The Tooling: You can use any of your favorite note taking tools like EverNote, OneNote, Google Site, Roam Research, etc., as long as it provides great search and linking capabilities. The choice of specific tool doesn’t matter match. It’s the way you organize your information that matters.
Weaving Like a Spider: So you picked your note taking tool. Where do you start building your “Second Brain” for interview preparation in the tool? Find some great interview experience blog posts and interview question lists. Add them in a special page in your “second brain” as the “queue”. Then you will act like a search engine spider (aka “crawler”). Read the first item on the top of the “queue”. If you find a small unit of info (e.g., a particular interview question, a particular concept/terminology, a particular coding problem, etc.), either create a new page/section (if not already existed) or add to an existing page/section of the same category, and write up your answers and analysis. If you find a link to another great blog post or web page that has lots of useful information that you can’t process in an hour or two, add that link to the bottom of the “queue” (you can also insert in the middle of the queue if you want to do more advanced prioritization). If you have a high quality set of initial blog posts or interview question lists as the seeds, your “crawler” system will efficiently cover the search space and build up your “Second Brain” notes system.
#2: Dive Deep
A personal story during my high school life: I grew up in a super competitive education system in China, where the overall college (including all colleges) admission rate was only 36% and top 150 colleges’ admission rate is only 4%. Perfecting test taking and nailing top scores becomes “sports”. Students spent ridiculous amount of hours practicing problem sets.
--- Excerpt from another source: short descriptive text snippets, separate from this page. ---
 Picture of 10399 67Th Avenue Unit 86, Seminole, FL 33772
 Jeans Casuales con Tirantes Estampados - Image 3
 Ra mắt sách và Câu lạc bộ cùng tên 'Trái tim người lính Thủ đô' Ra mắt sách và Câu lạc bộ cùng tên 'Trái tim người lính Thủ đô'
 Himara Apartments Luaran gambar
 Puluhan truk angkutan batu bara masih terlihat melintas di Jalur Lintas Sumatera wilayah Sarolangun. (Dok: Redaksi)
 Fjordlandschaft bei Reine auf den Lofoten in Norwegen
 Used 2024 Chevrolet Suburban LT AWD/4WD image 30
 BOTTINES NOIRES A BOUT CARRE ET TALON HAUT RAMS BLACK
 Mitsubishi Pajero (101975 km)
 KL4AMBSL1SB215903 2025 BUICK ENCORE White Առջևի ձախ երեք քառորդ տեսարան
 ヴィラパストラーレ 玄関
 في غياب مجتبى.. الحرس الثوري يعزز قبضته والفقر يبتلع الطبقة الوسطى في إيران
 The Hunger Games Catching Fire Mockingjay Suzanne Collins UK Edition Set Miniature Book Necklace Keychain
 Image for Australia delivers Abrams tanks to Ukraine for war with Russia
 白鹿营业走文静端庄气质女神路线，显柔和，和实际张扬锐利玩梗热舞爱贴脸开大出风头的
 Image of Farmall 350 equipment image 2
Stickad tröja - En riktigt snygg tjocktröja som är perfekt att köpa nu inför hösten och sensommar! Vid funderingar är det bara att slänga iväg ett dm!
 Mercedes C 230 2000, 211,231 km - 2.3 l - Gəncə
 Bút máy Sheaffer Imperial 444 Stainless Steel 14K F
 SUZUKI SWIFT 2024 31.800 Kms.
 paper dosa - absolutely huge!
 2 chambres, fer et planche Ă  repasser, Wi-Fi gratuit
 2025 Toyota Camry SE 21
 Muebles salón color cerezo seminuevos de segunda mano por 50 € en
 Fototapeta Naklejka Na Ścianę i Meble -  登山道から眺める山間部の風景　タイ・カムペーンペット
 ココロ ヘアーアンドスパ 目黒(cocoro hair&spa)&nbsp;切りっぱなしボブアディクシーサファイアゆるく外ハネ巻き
Lots of them complete on the number of practice books they went through. I did it too initially and quickly found I was out-practiced left and right in terms of the quantity of problem sets completed. One reason is I felt the itch of the urge to understand the underlying principles and connection between different problem sets. I did a month of experiment of going on the opposite direction as my fellow students. Each morning, they bragged about 100, 200, 300 problems they completed. I did exactly 2 problem only, but I wrote 10 pages of notes and reflections about the 2 problems. Despite my fear of adopting the wrong strategy, I ended up improving my score in some mock test. So I continued the journey of going the opposite direction as my fellow students. At the end of the semester, instead of a huge pile of completed practice books, I had a big pile of deep dive notes on a small number of problems. The amazing things just got started. I found it less and less manageable to go through all those notes during reviews. So I started summarizing these notes. And then I further summarized the summaries. And in the end, I found myself just a couple pages highly condensed notes for each science subject like math, physical, and chemistry. The most beautiful note is the chemistry notes which just contains 2 diagrams connecting all elements and compounds. I redrew these 2 diagrams so many times to make the placement of each node and vertices perfect with the lease overlapping and best symmetry. The most brief note is the physics note which only contains 5 rules and a couple other bullet points. However, these were so powerful so that just by looking at these cheatsheet, 98% of the problems in the tests becomes so obvious and easy. That was my first time stumbling upon and experiencing the power of “deep dive thinking“.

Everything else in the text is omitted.